Exercise requirements
The data below should be printed in full, exactly, and without any of its images.

Phrase grounding data
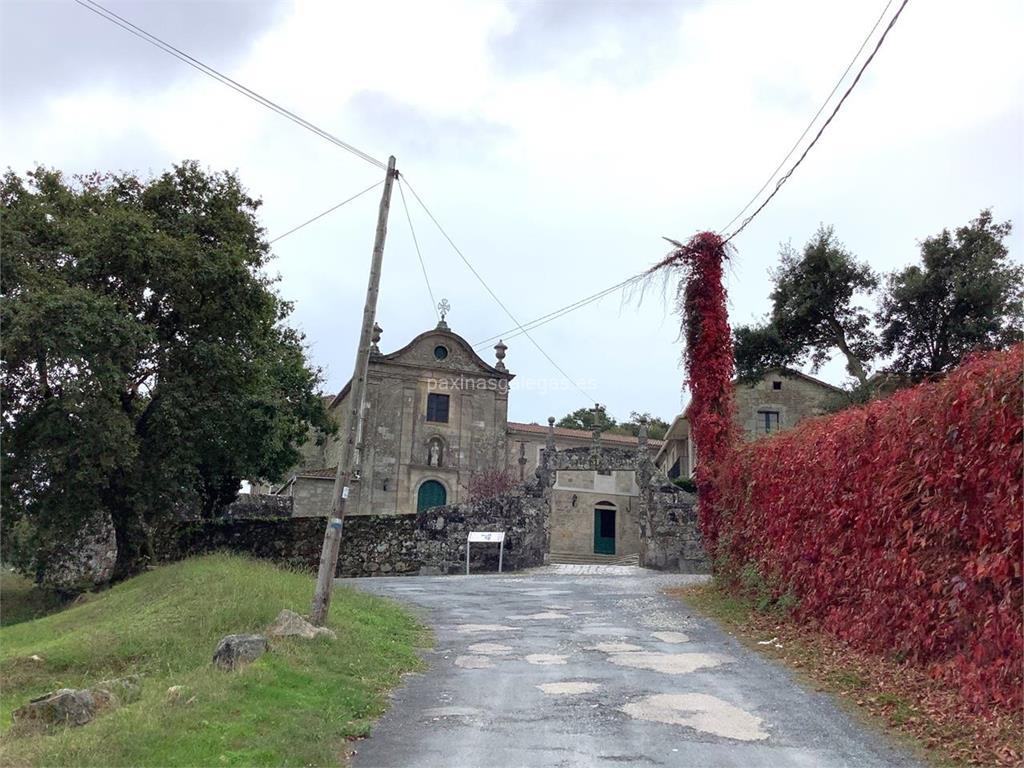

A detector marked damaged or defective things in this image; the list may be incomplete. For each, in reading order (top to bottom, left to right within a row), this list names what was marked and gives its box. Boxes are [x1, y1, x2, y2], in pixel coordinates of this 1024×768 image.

patched asphalt [337, 565, 921, 768]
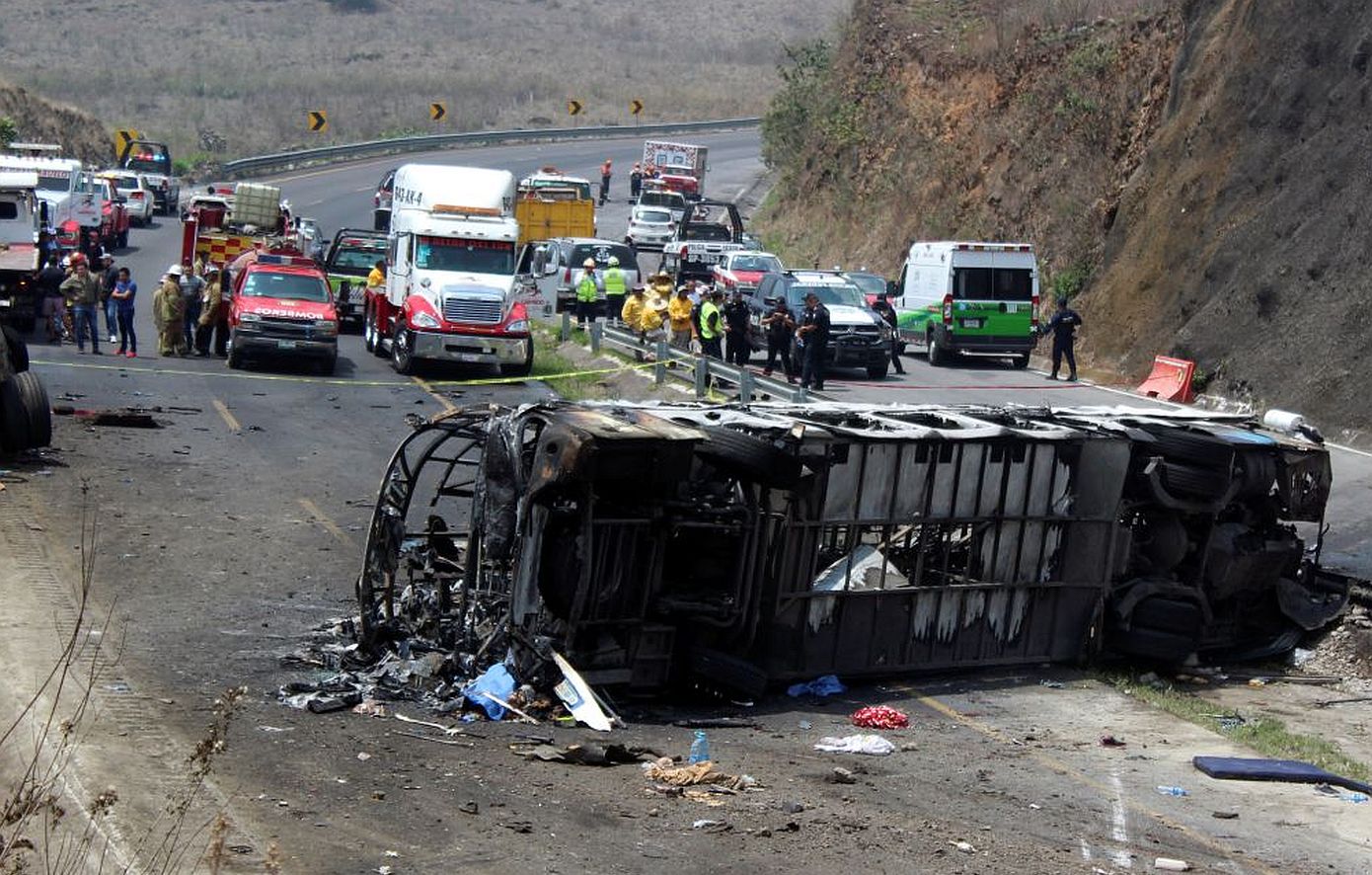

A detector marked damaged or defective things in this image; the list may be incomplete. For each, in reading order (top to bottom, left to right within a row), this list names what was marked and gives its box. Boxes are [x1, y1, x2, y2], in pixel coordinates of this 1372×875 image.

burned bus wreckage [353, 403, 1350, 699]
overturned bus [357, 401, 1350, 695]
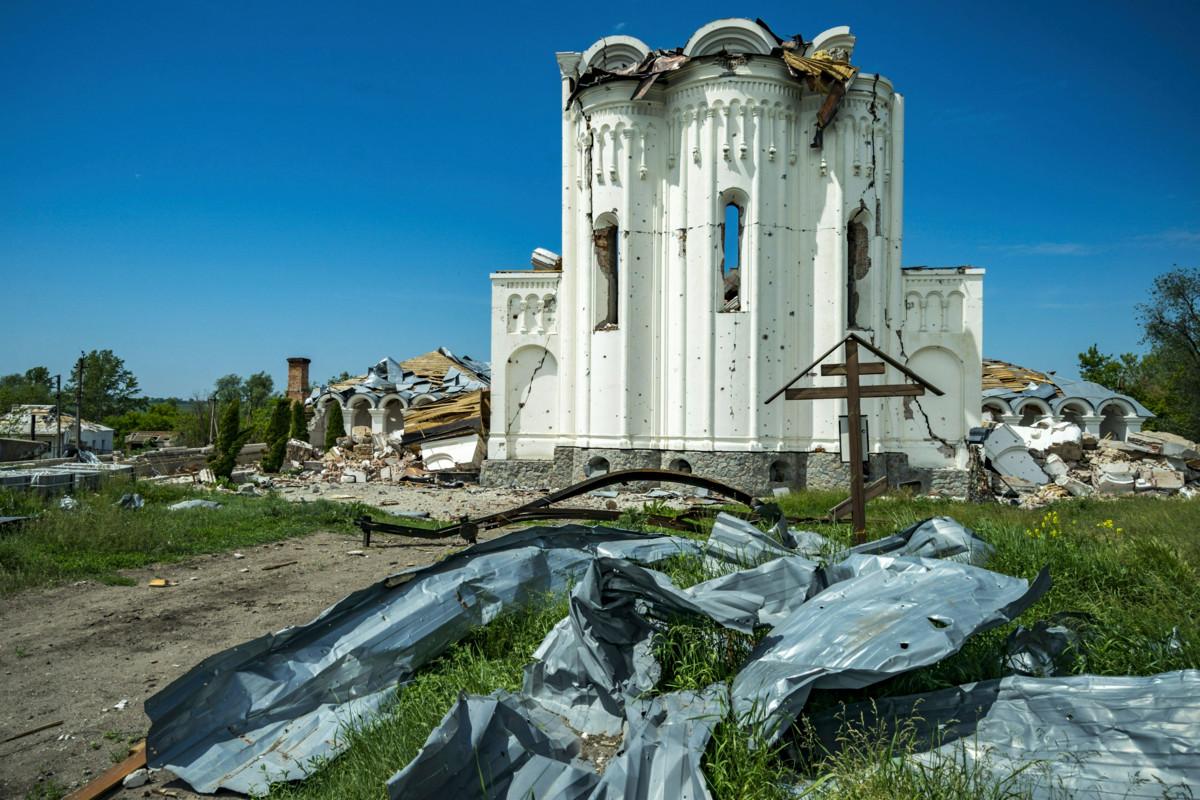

Result of this exercise
A detector marked damaged or defective things in this image; the list may be incomplete. For each, in reading order (top to bottom, left to right within a row), this list names what was marked and gives its box. Boxes are [x1, y1, x2, y2], in pixel coordinates of this 1024×768 image.

patched asphalt [337, 565, 921, 768]

A detector marked damaged or defective things in this image; the list may be incomplete. For each, in reading order (top to bottom, left to right within a row), this list names what was marked and gives its box. Boxes are [x1, y1, x2, y2], in pixel coordinates of this 1372×875 image.

burned bus wreckage [353, 403, 1350, 699]
overturned bus [357, 401, 1350, 695]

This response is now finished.